Wenn es um so heikle Themen wie Tarifautonomie und Mitbestimmung in deutschen Unternehmen geht, sind sich Arbeitgeberverbände und Gewerkschaften manchmal näher als die Wirtschaftsverbände untereinander. Seit Jahren tobt der Streit, wie weit die Mitbestimmung in Aufsichtsräten und auf betrieblicher Ebene gehen darf. Genauso uneins ist man sich, wo Flächentarifverträge enden und betriebliche Bündnisse beginnen sollten. Dabei verlaufen die Fronten nicht nur quer durch das "Haus der Deutschen Wirtschaft" in Berlin, in dem die Spitzenverbände BDA, BDI und DIHK sitzen, sondern auch zwischen Konzernchefs und Mittelständlern, Verbandsvertretern und ihren großen Mitgliedsfirmen.

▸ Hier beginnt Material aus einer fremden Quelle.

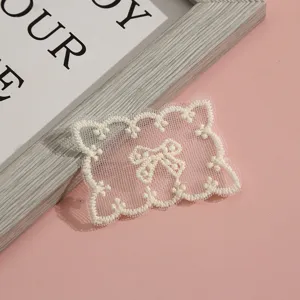 Witte kanten geborduurde strik patch voor DIY kledingaccessoire en leuke kledingdecoratie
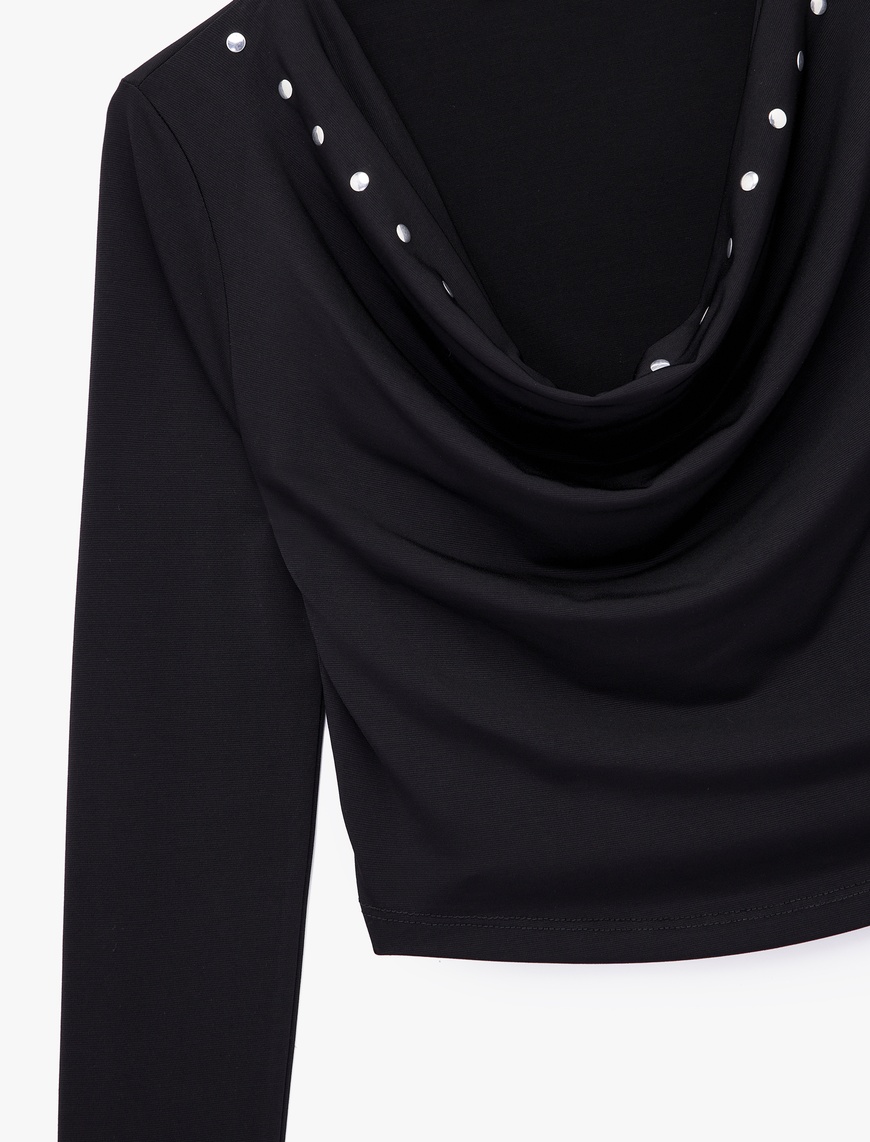   Slim Fit Uzun Kollu Metal Aksesuarlı Degaje Yaka Tişört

Beim Tarifrecht beispielsweise wollen alle kräftig mitreformieren, dabei "ist der Strukturwandel in Deutschland so gravierend, dass dies teilweise jetzt schon zu einer Aufweichung der Flächentarifverträge führt", erklärt BDI-Hauptgeschäftsführer Ludolf von Wartenberg. Schon jetzt sind tausende Betriebe sind nicht mehr bereit, sich dem "Diktat" der branchenweiten Flächentarife zu beugen, die die Mindestverdienste einheitlich für alle Betriebe und Beschäftigten festlegen: Im Februar 2004 musste die IG Metall erstmals einer Öffnungsklausel zustimmen, die Unternehmungen Abweichungen vom Tarifvertrag auch ohne akute Notlage erlaubt. Der Arbeitgeberverband Gesamtmetall verlor im Jahr 2003 233 Mitglieder an den "OT-Bereich" ("Ohne Tarifbindung"), 350 traten gleich ganz aus. Mittlerweile stehen bei Gesamtmetall 2.000 OT-Mitglieder 5.100 Mitgliedern mit Tarifbindung gegenüber.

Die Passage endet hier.